Apesar da aprovação entusiasmada por governos e setores industriais, ainda há resistência de agricultores europeus e ambientalistas, preocupados com possíveis impactos ao meio ambiente e à concorrência agrícola. A implementação será gradual, e os efeitos serão percebidos ao longo dos próximos anos.
Após a assinatura oficial, o acordo precisará de aprovação do Parlamento Europeu. Aspectos que vão além da política comercial, como regras técnicas, exigirão aprovação nos parlamentos nacionais da UE, o que pode estender o processo e gerar debates.
Principais pontos do acordo:
- Fim das tarifas alfandegárias
- Redução progressiva de tarifas sobre a maioria dos bens e serviços;
- Mercosul eliminará tarifas sobre 91% dos produtos europeus em até 15 anos;
- União Europeia eliminará tarifas sobre 95% dos produtos do Mercosul em até 12 anos.
- Benefícios imediatos para a indústria
- Tarifa zero desde o começo para vários produtos industriais.

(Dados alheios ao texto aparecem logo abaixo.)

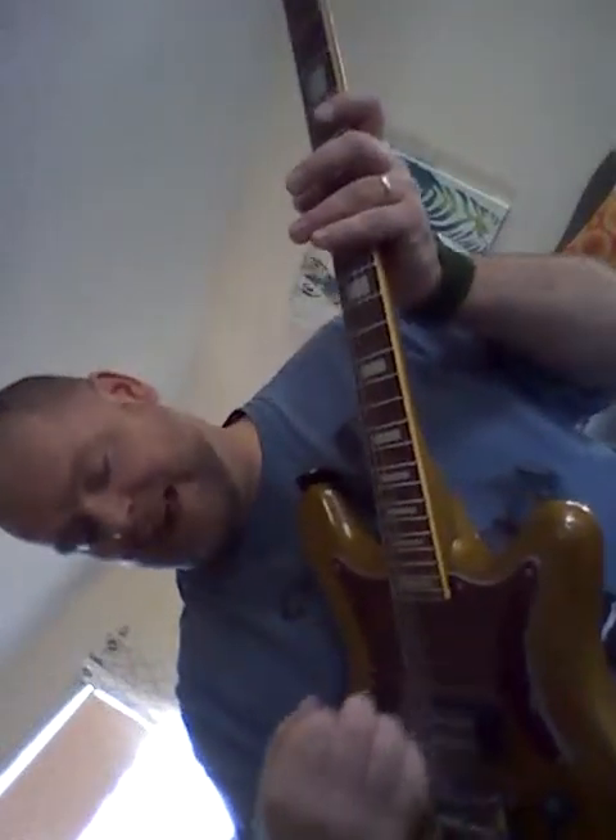It's a great trem — very fluid. One great thing about it is you can rest your wrist on it and nothing happens. Floyd's sometimes will fluctuate. And you can pull that sucker up. I've got 10 through 60 gauge strings on here because I like this guitar in drop D.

- Setores favorecidos incluem máquinas e equipamentos, automóveis e peças, produtos químicos e aeronaves.
- Maior acesso ao mercado europeu
- Empresas do Mercosul obtêm melhor acesso a um mercado com elevado poder aquisitivo e PIB estimado em US$ 22 trilhões;
- Comércio mais previsível e com menos barreiras técnicas.
- Cotas para produtos agrícolas sensíveis
- Produtos como carne bovina, frango, arroz, mel, açúcar e etanol terão limites de importação;
- Tarifa aplicada acima dessas cotas;
- Cotas aumentam gradualmente com redução tarifária, evitando impacto abrupto para agricultores europeus;
- Na UE, as cotas representam até 3% dos produtos ou 5% do valor importado do Brasil;
- No Brasil, as cotas chegam a 9% dos produtos ou 8% do valor.
- Proteção agrícola
- A UE pode reintroduzir tarifas temporárias se as importações ultrapassarem limites estabelecidos ou se preços ficarem muito abaixo do mercado europeu;
- Medida válida para cadeias consideradas sensíveis.

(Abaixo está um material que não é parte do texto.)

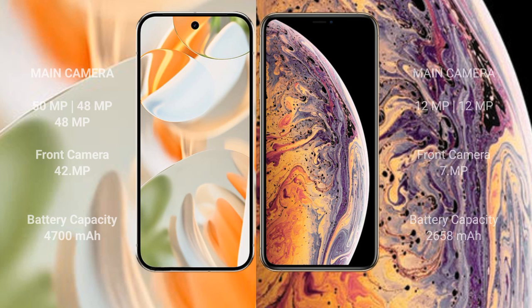Google Pixel 9 Pro features a triple rear camera setup: 50MP plus 48MP plus 48MP, and a 42MP front camera. iPhone XS features a dual rear camera setup: 12MP plus 12MP, and a 7MP front camera.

- Compromissos ambientais obrigatórios
- Produtos beneficiados não podem estar vinculados ao desmatamento ilegal;
- Cláusulas ambientais são vinculantes;
- Acordo pode ser suspenso em caso de violação do Acordo de Paris.

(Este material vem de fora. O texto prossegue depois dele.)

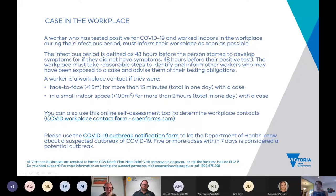If a worker tests positive for COVID-19 and worked indoors during their infectious period, they must inform their workplace as soon as possible. The infectious period is 48 hours before symptoms developed, or 48 hours before a positive test if asymptomatic. The workplace must take reasonable steps to identify and inform workers who may have been exposed — close contact is defined as face-to-face contact less than 1.5 metres for more than 15 minutes in a day, or more than two hours in a small indoor space under 100 square metres. There's an online self-assessment tool to determine workplace contacts, and if there are five or more cases within a seven-day period, that's considered an outbreak and you must notify the Department of Health.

- Manutenção das regras sanitárias rigorosas
- A UE mantém padrões rigorosos para segurança alimentar;
- Produtos importados deverão seguir normas estritas de segurança.
- Comércio de serviços e investimentos
- Redução da discriminação regulatória contra investidores estrangeiros;
- Avanços em serviços financeiros, telecomunicações, transporte e serviços empresariais.
- Compras públicas
- Empresas do Mercosul poderão participar de licitações públicas na UE;
- Regras mais claras e transparentes.
- Proteção da propriedade intelectual
- Reconhecimento de aproximadamente 350 indicações geográficas europeias;
- Regulamentação clara sobre marcas, patentes e direitos autorais.
- Pequenas e médias empresas (PMEs)
- Capítulo dedicado às PMEs;
- Simplificação aduaneira e melhor acesso à informação;
- Redução de custos e burocracia para pequenos exportadores.
- Impactos para o Brasil
- Possibilidade de crescimento nas exportações, especialmente nos setores agrícola e industrial;
- Maior integração às cadeias globais de valor;
- Potencial atração de investimentos estrangeiros a médio e longo prazo.
- Próximos passos
- Assinatura prevista para 17 de janeiro no Paraguai;
- Aprovação pelo Parlamento Europeu;
- Ratificação pelos congressos do Brasil, Argentina, Paraguai e Uruguai;
- Entrada em vigor apenas após cumprimento de todos os procedimentos;
- Acordos que vão além da política comercial precisarão ser aprovados pelos parlamentos de cada país envolvido.